Using the “cars” dataset in R, build a linear model for stopping
distance as a function of speed and replicate the analysis of your
textbook chapter 3 (visualization, quality evaluation of the model, and
residual analysis).
Null Hypothesis (H₀):
There is no relationship between the speed of the cars’ and the cars’
stopping distances.
Alternative Hypothesis (H₁):
A linear relationship exists between the speed of the cars’ and the
cars’ stopping distances.
After loading the cars dataset, initial investigation yields two variables ‘speed’ and ‘distance’, as well as 50 rows of observations.
Variable Definition
Speed: The speed of the car (in miles per hour).
Distance(Dist): The distance required to stop the car (in feet).
Speed Summary Statistics
The data for the ‘speed’ variable is approximately symmetric as support
by similar mean(15.4) and median(15.0), with a range of values between
4-25 approximately represented in the 1st and 3rd quartiles. A histogram
of the values also supports that the underlying distribution is
normal.
Distance Summary Statistics
The data for the ‘distance’ variable appears skewed as indicated by the
difference between mean(42.98) and median(36.0) values. The data range
of values is between 2-120, with a greater number observations falling
in the first quartile than the third (1st Qu.: 26.00, Mean: 42.98,
Median: 36.00, 3rd Qu.: 56.00 ). The ‘distance’ observations are
therefore skewed to the right. A histogram of the values also confirms
right skew.
data<-data(cars)
#head(cars)
#nrow(cars)
#names(cars)
summary(cars)
## speed dist
## Min. : 4.0 Min. : 2.00
## 1st Qu.:12.0 1st Qu.: 26.00
## Median :15.0 Median : 36.00
## Mean :15.4 Mean : 42.98
## 3rd Qu.:19.0 3rd Qu.: 56.00
## Max. :25.0 Max. :120.00
hist(cars$speed,
main = "Histogram of Car 'Speed' Variable",
xlab = "Speed (mph)",
col = "lightblue",
border = "black")
#breaks = seq(from = min(cars$speed), to = max(cars$speed), by = 5))
hist(cars$dist,
main = "Histogram of 'Dist' Variable",
xlab = "Distance",
col = "lightblue",
border = "black")
Speed and distance values were plotted against each other to visually assess for linearity. The below ‘Stopping Distance vs. Speed’ plot supports the notion that a linear relationship exists between the two variables.

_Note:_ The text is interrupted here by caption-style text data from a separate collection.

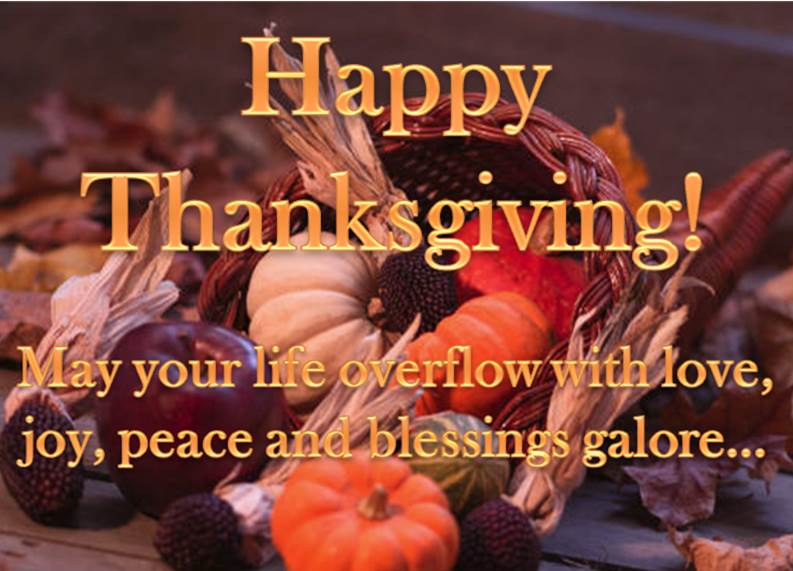 picture of a cornucopia filled with colorful gourds, and the words Happy Thanksgiving, may your life overflow with love, joy, peace, and blessings galore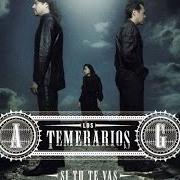 The lyrics LOCO POR TI of LOS TEMERARIOS is also present in the album Si tu te vas (2008)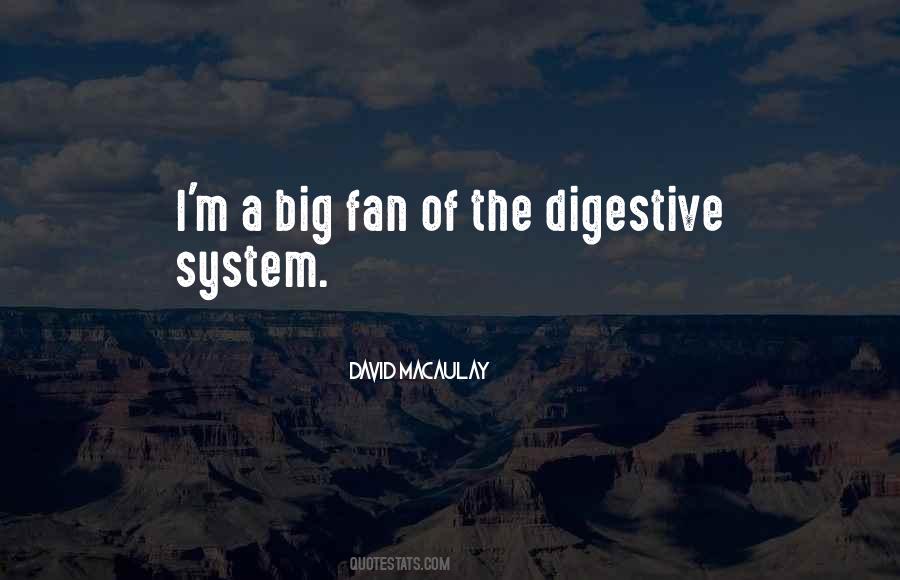Quotes About The Digestive System #1426697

plot(cars$dist ~ cars$speed, data=cars, main="Stopping Distance vs. Speed",
xlab="Speed (mph)", ylab="Stopping Distance (feet)")
A linear model was passed into R below, with distance defined as the dependent variable and speed defined as the independent variable. The y-intercept was determined to be a0 -17.579 and the slope = 3.932.
The regression model can therefore be represented as: \[Distance = -17.579 + 3.932 * speed\]
lm<-lm(cars$dist ~ cars$speed, data=cars)
lm
##
## Call:
## lm(formula = cars$dist ~ cars$speed, data = cars)
##
## Coefficients:
## (Intercept) cars$speed
## -17.579 3.932
plot(cars$dist ~ cars$speed, data=cars, main="Stopping Distance vs. Speed",
xlab="Speed (mph)", ylab="Stopping Distance (feet)")
abline(lm, col="red")
Below, the results of the linear model are interpreted.
summary(lm)
##
## Call:
## lm(formula = cars$dist ~ cars$speed, data = cars)
##
## Residuals:
## Min 1Q Median 3Q Max
## -29.069 -9.525 -2.272 9.215 43.201
##
## Coefficients:
## Estimate Std. Error t value Pr(>|t|)
## (Intercept) -17.5791 6.7584 -2.601 0.0123 *
## cars$speed 3.9324 0.4155 9.464 1.49e-12 ***
## ---
## Signif. codes: 0 '***' 0.001 '**' 0.01 '*' 0.05 '.' 0.1 ' ' 1
##
## Residual standard error: 15.38 on 48 degrees of freedom
## Multiple R-squared: 0.6511, Adjusted R-squared: 0.6438
## F-statistic: 89.57 on 1 and 48 DF, p-value: 1.49e-12
Residuals
The median value being relatively near zero, and the first and third
quartile approximation of each other hints that the residuals are
normally distributed. However, minimum and maximum values are not of
similar magnitude, which provides some evidence that the model may not
be the best fit for the data.
Coefficients
Observing a standard error of at least five to ten times smaller than
the coefficient provides evidence of good model fit. Below the standard
error for the ‘speed’ variable is 9.4 times smaller (t-value) with a
statistically significant p-value of 1.49^-12. This magnitude test
statistic essentially means there is little variability with regard to
the slope estimate and provides further evidence that the simple linear
model is a good fit for this data.
Residual Standard Error and Degrees of Freedom
The residual standard error is approximately 1.5 times the 1st and 3rd
quartile residuals, meaning that the residuals appear normally
distributed.
Degrees of freedom refer to the total number of observations in the dataset minus the number of variables in the SLM. For this model we have 48 degrees of freedom.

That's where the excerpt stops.